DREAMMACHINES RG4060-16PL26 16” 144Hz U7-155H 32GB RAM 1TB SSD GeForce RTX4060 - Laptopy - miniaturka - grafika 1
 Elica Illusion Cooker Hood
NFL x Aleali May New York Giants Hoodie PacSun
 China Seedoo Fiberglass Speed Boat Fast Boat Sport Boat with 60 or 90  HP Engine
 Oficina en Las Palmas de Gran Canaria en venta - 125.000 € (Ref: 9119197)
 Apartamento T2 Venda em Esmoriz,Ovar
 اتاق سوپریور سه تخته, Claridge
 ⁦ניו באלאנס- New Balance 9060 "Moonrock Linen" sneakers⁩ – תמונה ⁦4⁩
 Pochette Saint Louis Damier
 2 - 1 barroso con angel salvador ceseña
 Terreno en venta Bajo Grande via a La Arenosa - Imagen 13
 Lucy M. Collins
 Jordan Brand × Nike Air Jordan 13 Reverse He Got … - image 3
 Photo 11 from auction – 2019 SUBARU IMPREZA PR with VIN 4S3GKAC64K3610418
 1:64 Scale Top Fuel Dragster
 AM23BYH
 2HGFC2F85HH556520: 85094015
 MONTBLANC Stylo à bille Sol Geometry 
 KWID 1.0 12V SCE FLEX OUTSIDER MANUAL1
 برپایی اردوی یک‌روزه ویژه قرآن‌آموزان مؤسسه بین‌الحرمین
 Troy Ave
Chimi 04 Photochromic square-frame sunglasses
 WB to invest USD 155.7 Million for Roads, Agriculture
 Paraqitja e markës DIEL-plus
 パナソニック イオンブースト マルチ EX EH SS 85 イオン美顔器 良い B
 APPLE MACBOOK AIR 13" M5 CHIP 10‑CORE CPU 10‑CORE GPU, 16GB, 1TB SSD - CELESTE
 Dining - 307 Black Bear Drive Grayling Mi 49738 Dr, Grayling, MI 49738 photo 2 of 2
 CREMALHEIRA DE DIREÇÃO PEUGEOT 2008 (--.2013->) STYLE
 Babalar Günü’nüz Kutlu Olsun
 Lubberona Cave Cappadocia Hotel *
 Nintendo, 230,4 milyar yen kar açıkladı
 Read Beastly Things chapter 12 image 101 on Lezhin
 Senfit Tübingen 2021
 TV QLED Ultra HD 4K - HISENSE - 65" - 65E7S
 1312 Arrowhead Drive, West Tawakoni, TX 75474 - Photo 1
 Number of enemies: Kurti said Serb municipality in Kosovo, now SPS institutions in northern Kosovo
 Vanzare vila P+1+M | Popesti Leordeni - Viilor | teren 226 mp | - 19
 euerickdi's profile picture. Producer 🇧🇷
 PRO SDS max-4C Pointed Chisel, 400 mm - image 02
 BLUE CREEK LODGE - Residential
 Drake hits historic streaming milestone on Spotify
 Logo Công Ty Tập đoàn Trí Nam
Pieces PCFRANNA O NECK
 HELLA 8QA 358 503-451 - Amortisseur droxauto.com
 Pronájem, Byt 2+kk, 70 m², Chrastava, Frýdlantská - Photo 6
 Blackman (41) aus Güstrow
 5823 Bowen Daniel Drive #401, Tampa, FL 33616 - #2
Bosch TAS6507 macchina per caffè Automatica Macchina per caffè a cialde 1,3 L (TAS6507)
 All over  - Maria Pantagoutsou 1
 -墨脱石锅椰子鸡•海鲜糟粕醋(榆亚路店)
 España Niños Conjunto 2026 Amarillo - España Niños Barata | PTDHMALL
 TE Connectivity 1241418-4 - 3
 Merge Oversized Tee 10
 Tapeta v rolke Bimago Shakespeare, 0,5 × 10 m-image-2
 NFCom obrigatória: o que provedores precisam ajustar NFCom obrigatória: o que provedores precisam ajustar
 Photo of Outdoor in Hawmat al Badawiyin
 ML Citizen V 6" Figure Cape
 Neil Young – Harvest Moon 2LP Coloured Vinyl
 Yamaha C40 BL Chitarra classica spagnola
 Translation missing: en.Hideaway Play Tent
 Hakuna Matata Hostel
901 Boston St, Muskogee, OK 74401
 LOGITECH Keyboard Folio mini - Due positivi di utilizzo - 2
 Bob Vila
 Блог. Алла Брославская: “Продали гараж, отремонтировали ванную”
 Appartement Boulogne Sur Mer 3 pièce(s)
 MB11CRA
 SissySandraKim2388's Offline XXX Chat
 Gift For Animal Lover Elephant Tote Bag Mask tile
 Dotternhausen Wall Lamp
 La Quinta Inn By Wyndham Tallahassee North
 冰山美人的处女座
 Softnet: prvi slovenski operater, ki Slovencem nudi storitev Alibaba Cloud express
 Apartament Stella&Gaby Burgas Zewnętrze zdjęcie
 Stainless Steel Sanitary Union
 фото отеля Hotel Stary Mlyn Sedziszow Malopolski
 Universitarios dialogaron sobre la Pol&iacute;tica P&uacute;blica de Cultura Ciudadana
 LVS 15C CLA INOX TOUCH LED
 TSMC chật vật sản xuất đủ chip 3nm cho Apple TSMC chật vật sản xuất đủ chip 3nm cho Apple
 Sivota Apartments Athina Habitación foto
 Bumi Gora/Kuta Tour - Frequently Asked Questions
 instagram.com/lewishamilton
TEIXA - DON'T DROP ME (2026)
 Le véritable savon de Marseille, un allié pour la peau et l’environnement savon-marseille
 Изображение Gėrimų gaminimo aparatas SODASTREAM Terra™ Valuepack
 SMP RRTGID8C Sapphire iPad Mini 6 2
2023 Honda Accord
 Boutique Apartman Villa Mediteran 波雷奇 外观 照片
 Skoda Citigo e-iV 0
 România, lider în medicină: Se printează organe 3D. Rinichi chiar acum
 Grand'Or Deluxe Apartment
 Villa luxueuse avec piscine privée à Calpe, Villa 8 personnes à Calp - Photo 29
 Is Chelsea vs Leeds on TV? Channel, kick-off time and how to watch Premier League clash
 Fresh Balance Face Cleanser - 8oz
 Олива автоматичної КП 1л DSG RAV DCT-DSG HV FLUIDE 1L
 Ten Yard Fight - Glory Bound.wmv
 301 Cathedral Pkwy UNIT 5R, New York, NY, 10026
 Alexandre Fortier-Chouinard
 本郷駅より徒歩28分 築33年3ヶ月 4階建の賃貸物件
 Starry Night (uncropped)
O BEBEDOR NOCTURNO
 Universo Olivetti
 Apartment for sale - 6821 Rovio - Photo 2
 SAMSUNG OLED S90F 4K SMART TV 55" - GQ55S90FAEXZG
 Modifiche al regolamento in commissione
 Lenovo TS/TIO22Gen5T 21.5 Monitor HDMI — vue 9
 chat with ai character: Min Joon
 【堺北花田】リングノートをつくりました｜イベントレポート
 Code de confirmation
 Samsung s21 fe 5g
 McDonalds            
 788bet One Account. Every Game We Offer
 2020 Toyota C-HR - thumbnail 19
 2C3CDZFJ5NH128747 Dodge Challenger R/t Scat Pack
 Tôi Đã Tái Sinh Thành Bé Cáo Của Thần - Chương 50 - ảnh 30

**YOUR TASK:**
The entire listing above should be returned exactly as written.

**TASK OUTPUT:**
DREAMMACHINES RG4060-16PL26 16” 144Hz U7-155H 32GB RAM 1TB SSD GeForce RTX4060 - Laptopy - miniaturka - grafika 1
 Elica Illusion Cooker Hood
NFL x Aleali May New York Giants Hoodie PacSun
 China Seedoo Fiberglass Speed Boat Fast Boat Sport Boat with 60 or 90  HP Engine
 Oficina en Las Palmas de Gran Canaria en venta - 125.000 € (Ref: 9119197)
 Apartamento T2 Venda em Esmoriz,Ovar
 اتاق سوپریور سه تخته, Claridge
 ⁦ניו באלאנס- New Balance 9060 "Moonrock Linen" sneakers⁩ – תמונה ⁦4⁩
 Pochette Saint Louis Damier
 2 - 1 barroso con angel salvador ceseña
 Terreno en venta Bajo Grande via a La Arenosa - Imagen 13
 Lucy M. Collins
 Jordan Brand × Nike Air Jordan 13 Reverse He Got … - image 3
 Photo 11 from auction – 2019 SUBARU IMPREZA PR with VIN 4S3GKAC64K3610418
 1:64 Scale Top Fuel Dragster
 AM23BYH
 2HGFC2F85HH556520: 85094015
 MONTBLANC Stylo à bille Sol Geometry 
 KWID 1.0 12V SCE FLEX OUTSIDER MANUAL1
 برپایی اردوی یک‌روزه ویژه قرآن‌آموزان مؤسسه بین‌الحرمین
 Troy Ave
Chimi 04 Photochromic square-frame sunglasses
 WB to invest USD 155.7 Million for Roads, Agriculture
 Paraqitja e markës DIEL-plus
 パナソニック イオンブースト マルチ EX EH SS 85 イオン美顔器 良い B
 APPLE MACBOOK AIR 13" M5 CHIP 10‑CORE CPU 10‑CORE GPU, 16GB, 1TB SSD - CELESTE
 Dining - 307 Black Bear Drive Grayling Mi 49738 Dr, Grayling, MI 49738 photo 2 of 2
 CREMALHEIRA DE DIREÇÃO PEUGEOT 2008 (--.2013->) STYLE
 Babalar Günü’nüz Kutlu Olsun
 Lubberona Cave Cappadocia Hotel *
 Nintendo, 230,4 milyar yen kar açıkladı
 Read Beastly Things chapter 12 image 101 on Lezhin
 Senfit Tübingen 2021
 TV QLED Ultra HD 4K - HISENSE - 65" - 65E7S
 1312 Arrowhead Drive, West Tawakoni, TX 75474 - Photo 1
 Number of enemies: Kurti said Serb municipality in Kosovo, now SPS institutions in northern Kosovo
 Vanzare vila P+1+M | Popesti Leordeni - Viilor | teren 226 mp | - 19
 euerickdi's profile picture. Producer 🇧🇷
 PRO SDS max-4C Pointed Chisel, 400 mm - image 02
 BLUE CREEK LODGE - Residential
 Drake hits historic streaming milestone on Spotify
 Logo Công Ty Tập đoàn Trí Nam
Pieces PCFRANNA O NECK
 HELLA 8QA 358 503-451 - Amortisseur droxauto.com
 Pronájem, Byt 2+kk, 70 m², Chrastava, Frýdlantská - Photo 6
 Blackman (41) aus Güstrow
 5823 Bowen Daniel Drive #401, Tampa, FL 33616 - #2
Bosch TAS6507 macchina per caffè Automatica Macchina per caffè a cialde 1,3 L (TAS6507)
 All over  - Maria Pantagoutsou 1
 -墨脱石锅椰子鸡•海鲜糟粕醋(榆亚路店)
 España Niños Conjunto 2026 Amarillo - España Niños Barata | PTDHMALL
 TE Connectivity 1241418-4 - 3
 Merge Oversized Tee 10
 Tapeta v rolke Bimago Shakespeare, 0,5 × 10 m-image-2
 NFCom obrigatória: o que provedores precisam ajustar NFCom obrigatória: o que provedores precisam ajustar
 Photo of Outdoor in Hawmat al Badawiyin
 ML Citizen V 6" Figure Cape
 Neil Young – Harvest Moon 2LP Coloured Vinyl
 Yamaha C40 BL Chitarra classica spagnola
 Translation missing: en.Hideaway Play Tent
 Hakuna Matata Hostel
901 Boston St, Muskogee, OK 74401
 LOGITECH Keyboard Folio mini - Due positivi di utilizzo - 2
 Bob Vila
 Блог. Алла Брославская: “Продали гараж, отремонтировали ванную”
 Appartement Boulogne Sur Mer 3 pièce(s)
 MB11CRA
 SissySandraKim2388's Offline XXX Chat
 Gift For Animal Lover Elephant Tote Bag Mask tile
 Dotternhausen Wall Lamp
 La Quinta Inn By Wyndham Tallahassee North
 冰山美人的处女座
 Softnet: prvi slovenski operater, ki Slovencem nudi storitev Alibaba Cloud express
 Apartament Stella&Gaby Burgas Zewnętrze zdjęcie
 Stainless Steel Sanitary Union
 фото отеля Hotel Stary Mlyn Sedziszow Malopolski
 Universitarios dialogaron sobre la Pol&iacute;tica P&uacute;blica de Cultura Ciudadana
 LVS 15C CLA INOX TOUCH LED
 TSMC chật vật sản xuất đủ chip 3nm cho Apple TSMC chật vật sản xuất đủ chip 3nm cho Apple
 Sivota Apartments Athina Habitación foto
 Bumi Gora/Kuta Tour - Frequently Asked Questions
 instagram.com/lewishamilton
TEIXA - DON'T DROP ME (2026)
 Le véritable savon de Marseille, un allié pour la peau et l’environnement savon-marseille
 Изображение Gėrimų gaminimo aparatas SODASTREAM Terra™ Valuepack
 SMP RRTGID8C Sapphire iPad Mini 6 2
2023 Honda Accord
 Boutique Apartman Villa Mediteran 波雷奇 外观 照片
 Skoda Citigo e-iV 0
 România, lider în medicină: Se printează organe 3D. Rinichi chiar acum
 Grand'Or Deluxe Apartment
 Villa luxueuse avec piscine privée à Calpe, Villa 8 personnes à Calp - Photo 29
 Is Chelsea vs Leeds on TV? Channel, kick-off time and how to watch Premier League clash
 Fresh Balance Face Cleanser - 8oz
 Олива автоматичної КП 1л DSG RAV DCT-DSG HV FLUIDE 1L
 Ten Yard Fight - Glory Bound.wmv
 301 Cathedral Pkwy UNIT 5R, New York, NY, 10026
 Alexandre Fortier-Chouinard
 本郷駅より徒歩28分 築33年3ヶ月 4階建の賃貸物件
 Starry Night (uncropped)
O BEBEDOR NOCTURNO
 Universo Olivetti
 Apartment for sale - 6821 Rovio - Photo 2
 SAMSUNG OLED S90F 4K SMART TV 55" - GQ55S90FAEXZG
 Modifiche al regolamento in commissione
 Lenovo TS/TIO22Gen5T 21.5 Monitor HDMI — vue 9
 chat with ai character: Min Joon
 【堺北花田】リングノートをつくりました｜イベントレポート
 Code de confirmation
 Samsung s21 fe 5g
 McDonalds            
 788bet One Account. Every Game We Offer
 2020 Toyota C-HR - thumbnail 19
 2C3CDZFJ5NH128747 Dodge Challenger R/t Scat Pack
 Tôi Đã Tái Sinh Thành Bé Cáo Của Thần - Chương 50 - ảnh 30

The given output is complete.